-- PROBLEM TO SOLVE --
Please repeat exactly the lines from the one containing "104 WHISPERING SANDS DR #V27" through the last line of the records below, both included, and leave out any pictures.

━━━━━ GIVEN RECORDS ━━━━━

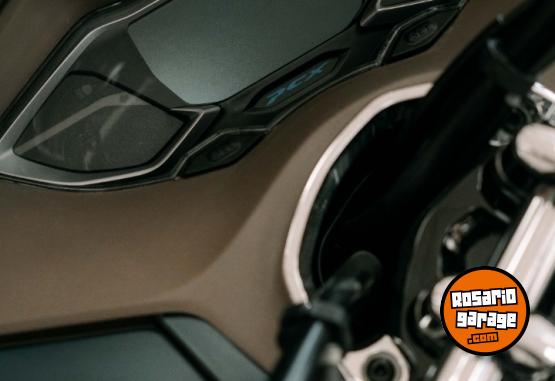 Motos - Honda PCX 160 DELUXE 2025 Nafta 0Km - En Venta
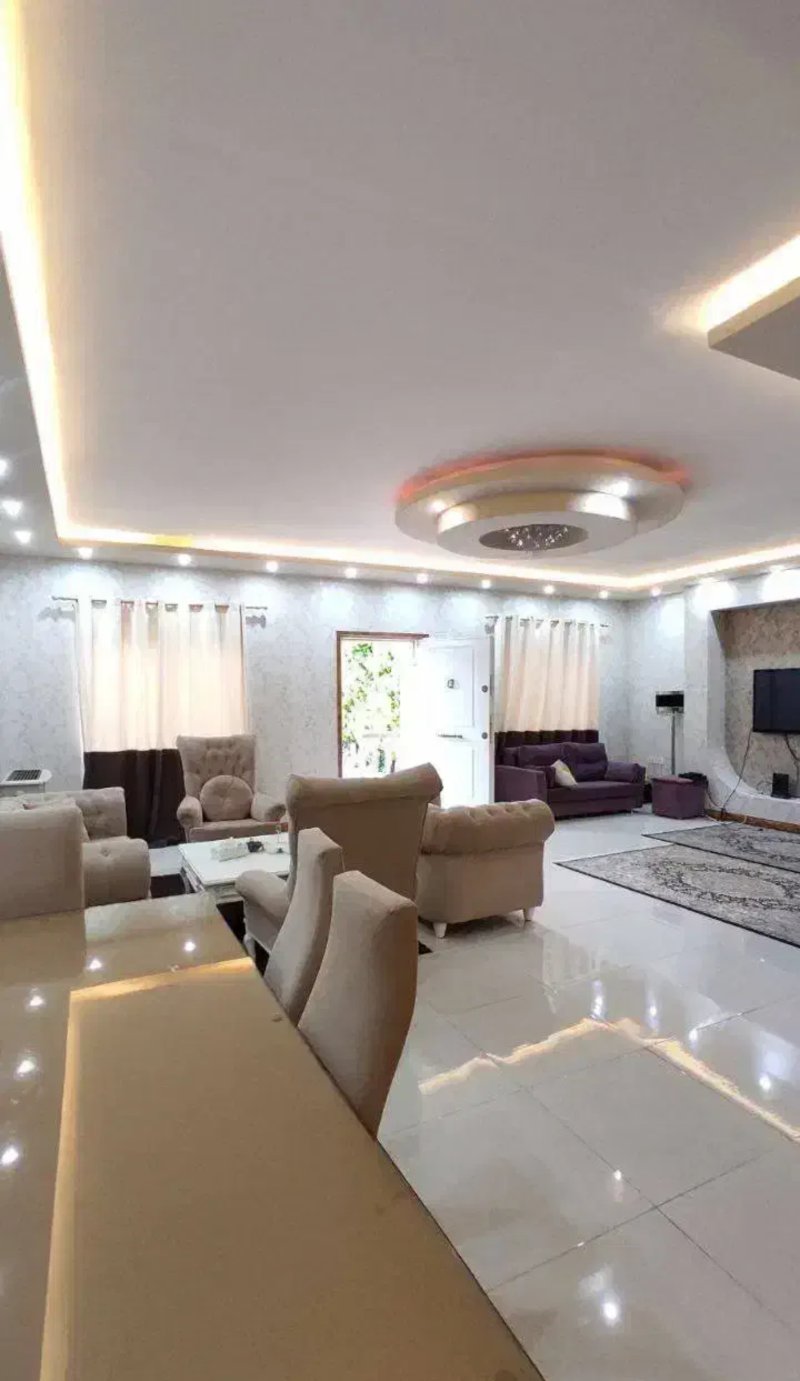 ویلا 300 متری سه خوابه در امیرآباد چمستان14511137725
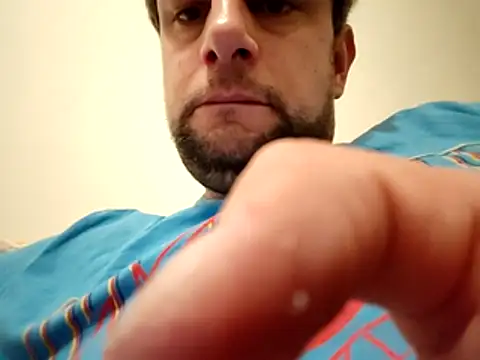 Snapshot of NiceToes43 chatting on March 2, 2026, 6:04 pm NiceToes43 online show from March 2, 2026, 6:04 pm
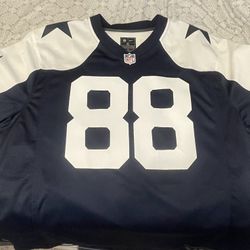Ceedee Lamb Jersey XL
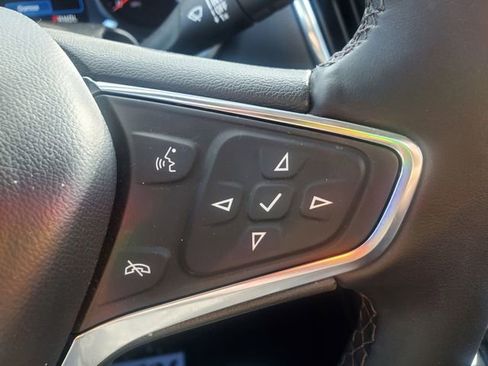 Certified 2024 Chevrolet Equinox LT w/ LPO, Floor Liner Package image 27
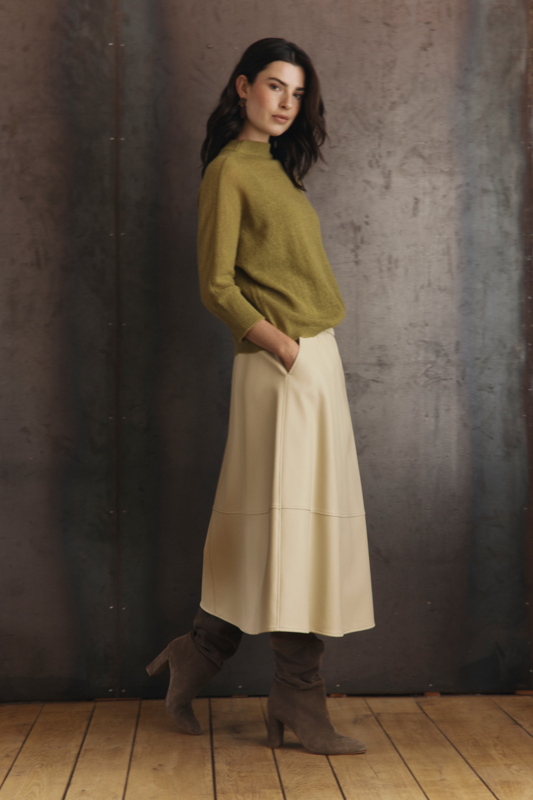 Leerlook uitlopende rok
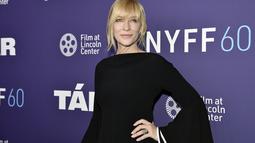 Aktris Australia, Cate Blanchett berpose saat menghadiri pemutaran perdana film "Tár" selama Festival Film New York ke-60 di Alice Tully Hall di New York pada Senin, 3 Oktober 2022. Cate Blanchett tampil memukau dalam balutan bodysuit hitam dengan lengan dramatis. (Photo by Evan Agostini/Invision/AP)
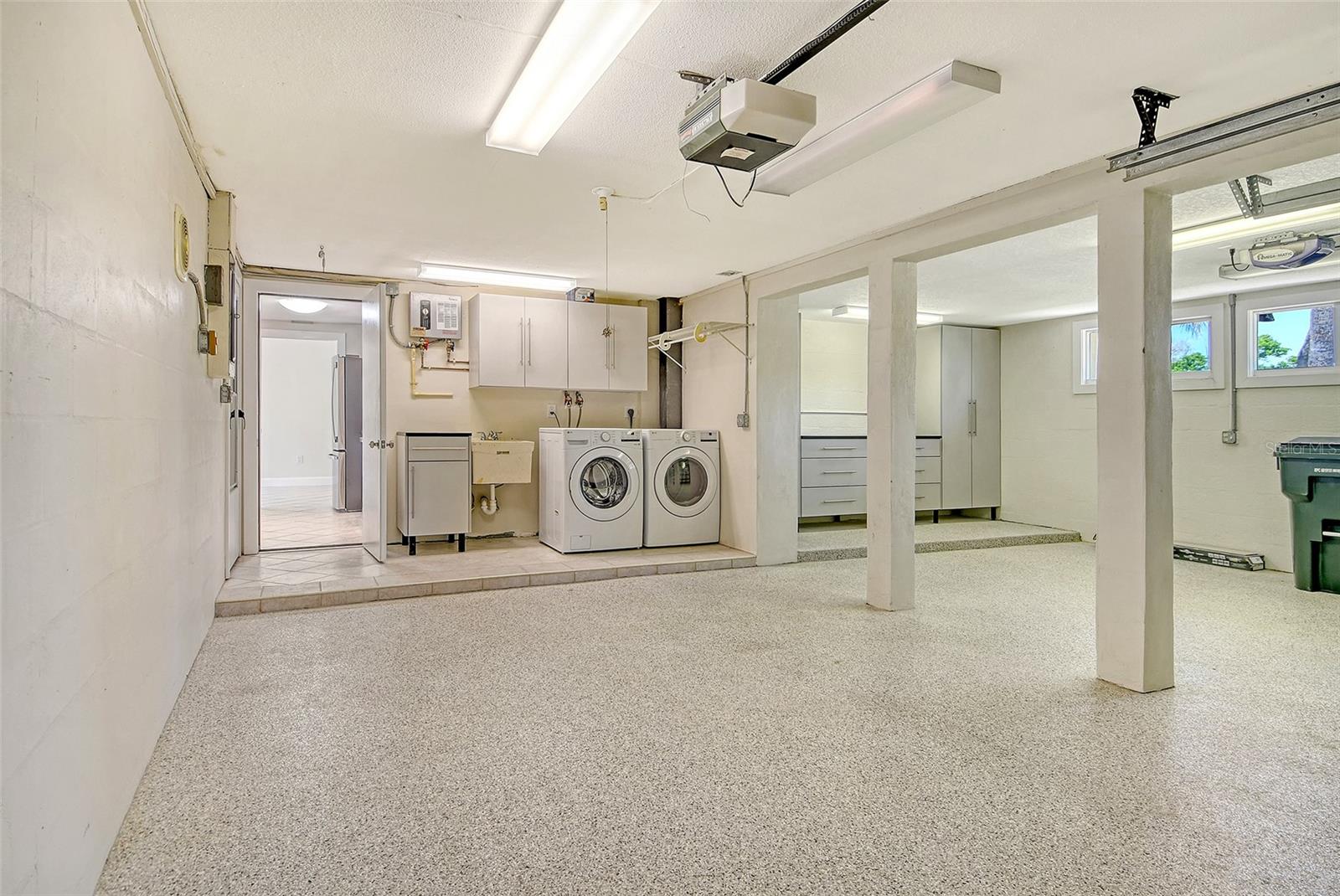 104 WHISPERING SANDS DR #V27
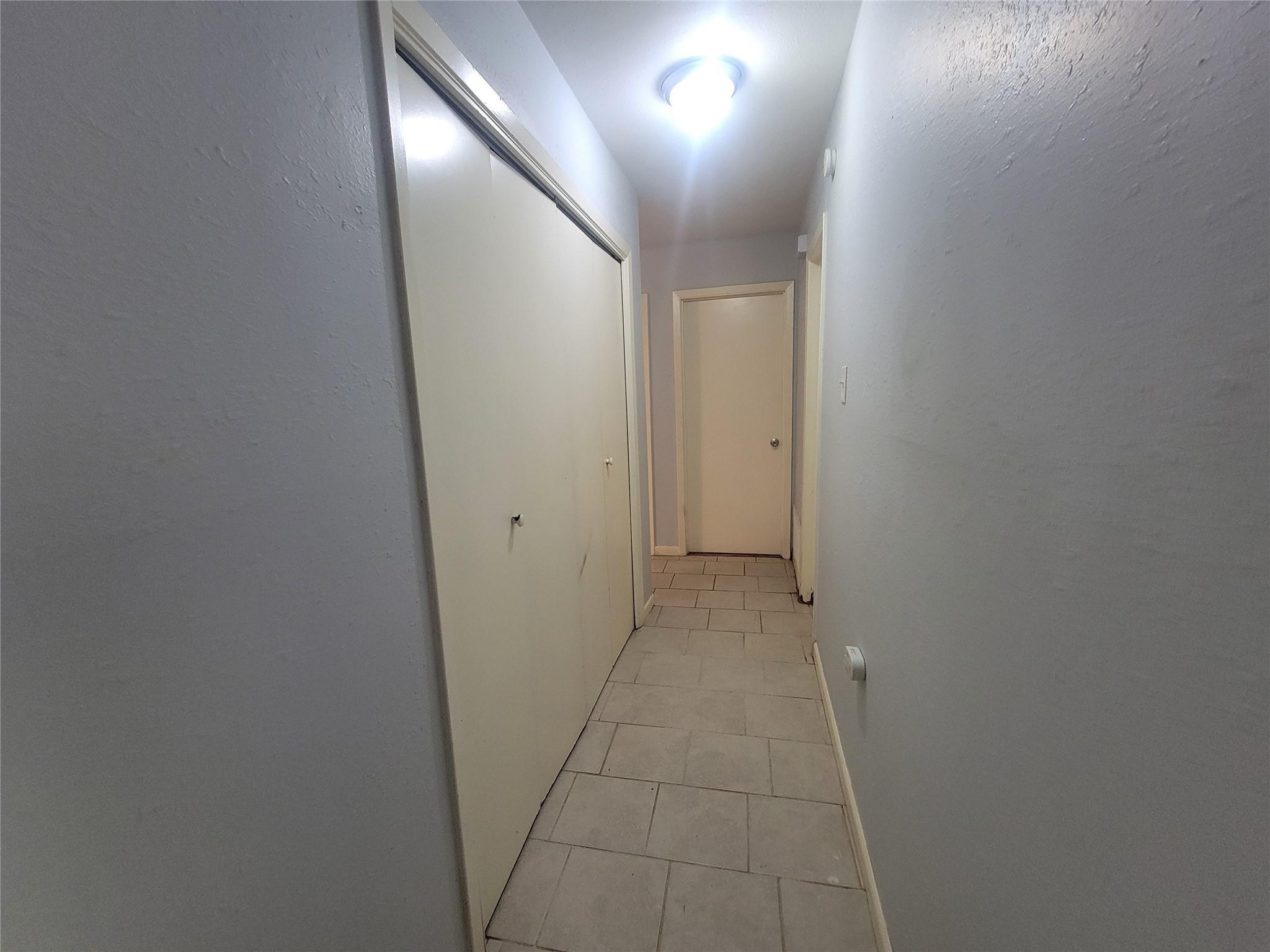 1304 GLENDA Dr # B, Round Rock, TX 78681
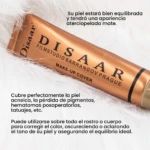 Tubo de base mate para tatuajes de color cobre con tapa dorada, sobre fondo blanco de textura suave. Presentación de alta cobertura para piel con cicatrices o pigmentos oscuros.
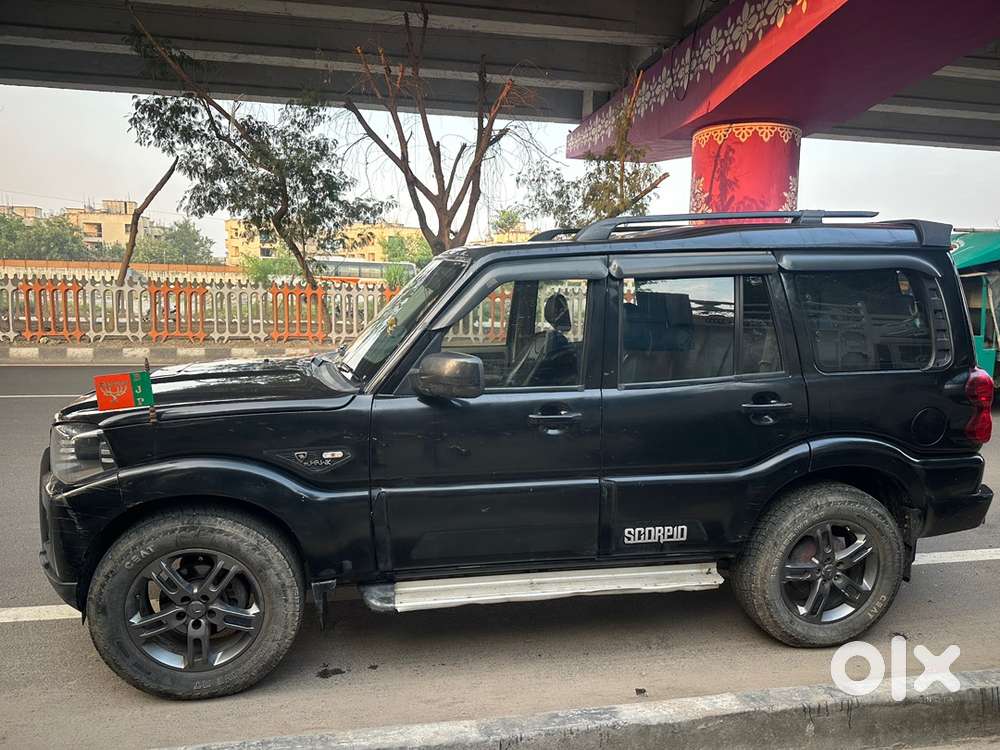 Mahindra Scorpio Diesel Manual 2021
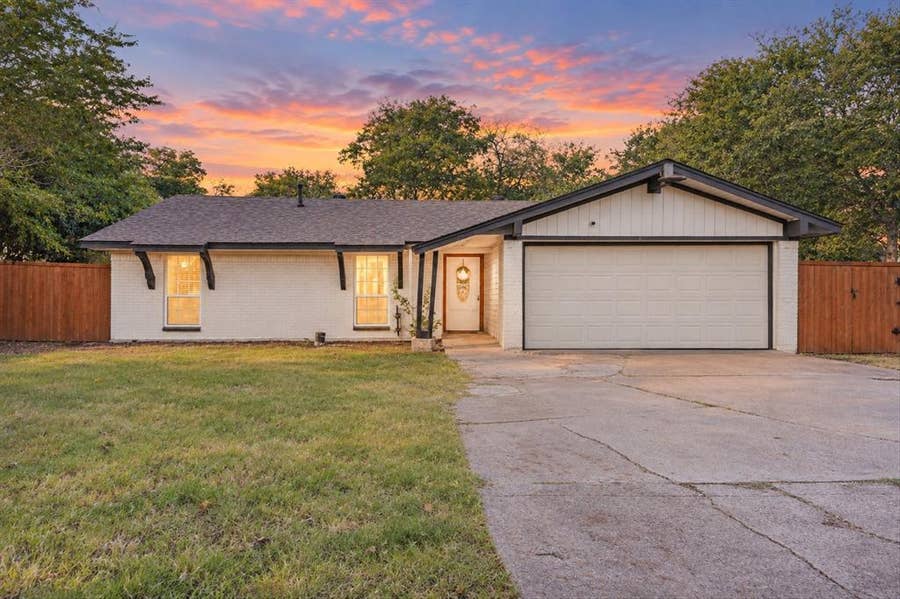 Property photo for 9308 Sandyhook Circle, Dallas, TX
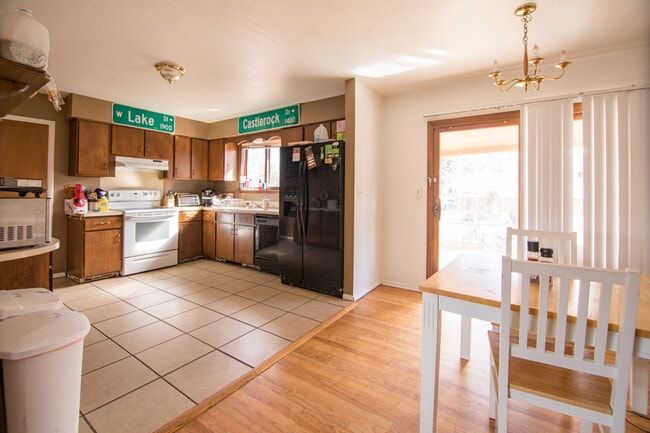 Photo - 1717 W Lake St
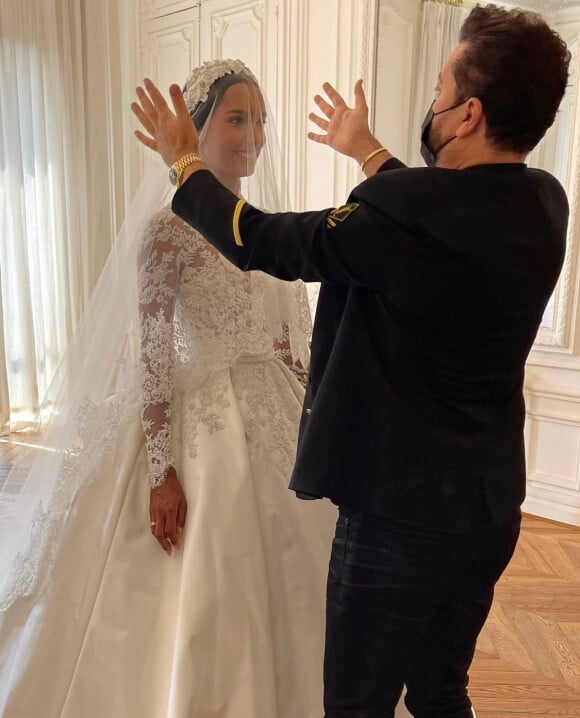 Le mannequin Jasmine Tookes et Zuhair Murad, créateur de sa robe de mariée. Septembre 2021.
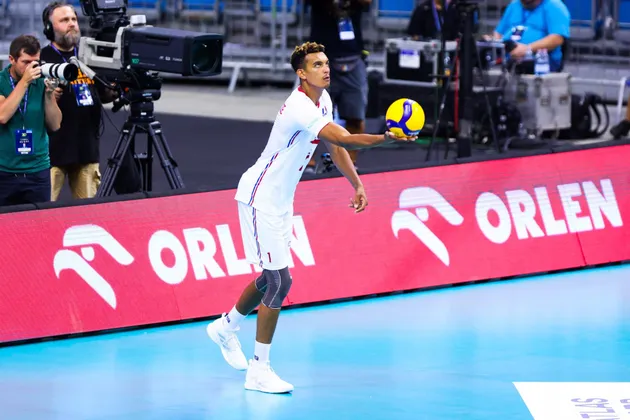 Saque no v&ocirc;lei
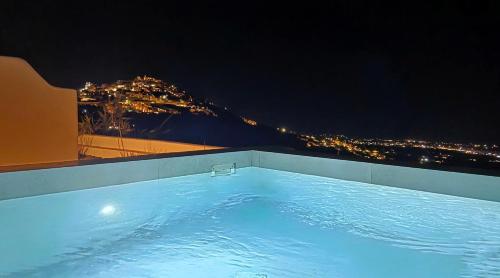 Piscine de l'établissement Martynou View ou située à proximité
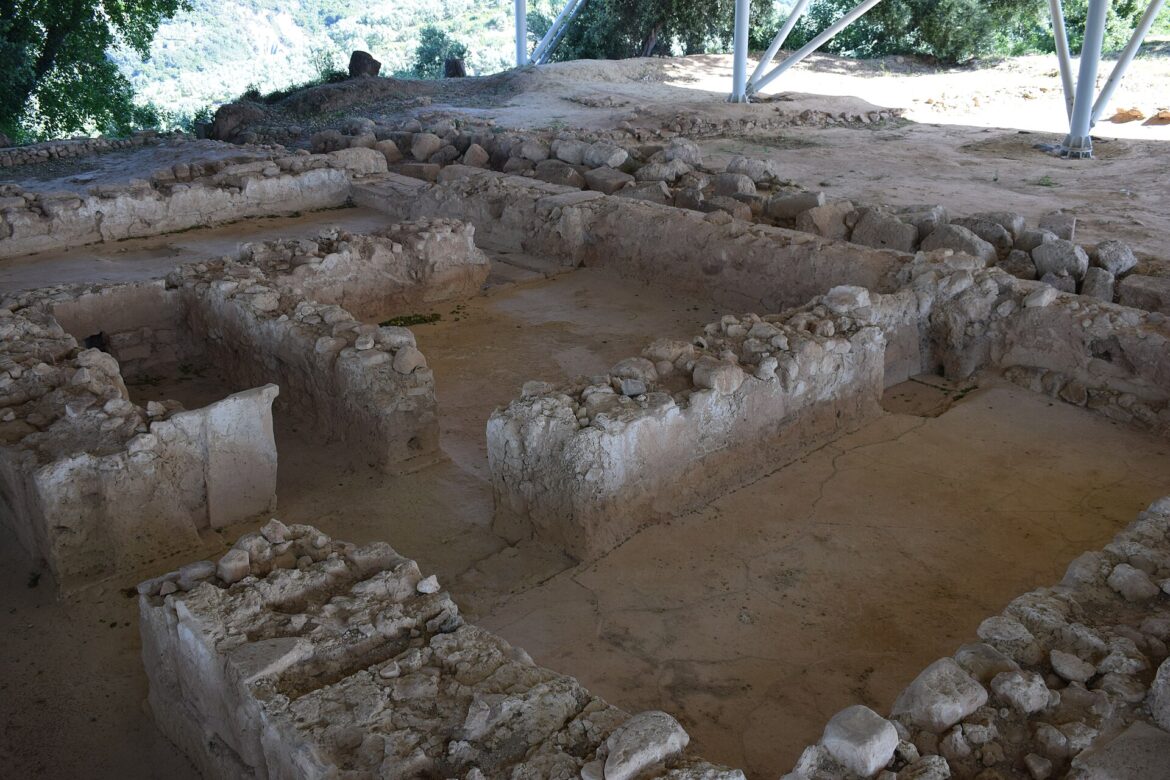 Η βόλτα της ημέρας: Ανάκτορο του Νέστορα — επίσκεψη στο σαλόνι ενός ομηρικού βασιλιά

━━━━━

-- RESPONSE BOX --
 104 WHISPERING SANDS DR #V27
 1304 GLENDA Dr # B, Round Rock, TX 78681
 Tubo de base mate para tatuajes de color cobre con tapa dorada, sobre fondo blanco de textura suave. Presentación de alta cobertura para piel con cicatrices o pigmentos oscuros.
 Mahindra Scorpio Diesel Manual 2021
 Property photo for 9308 Sandyhook Circle, Dallas, TX
 Photo - 1717 W Lake St
 Le mannequin Jasmine Tookes et Zuhair Murad, créateur de sa robe de mariée. Septembre 2021.
 Saque no v&ocirc;lei
 Piscine de l'établissement Martynou View ou située à proximité
 Η βόλτα της ημέρας: Ανάκτορο του Νέστορα — επίσκεψη στο σαλόνι ενός ομηρικού βασιλιά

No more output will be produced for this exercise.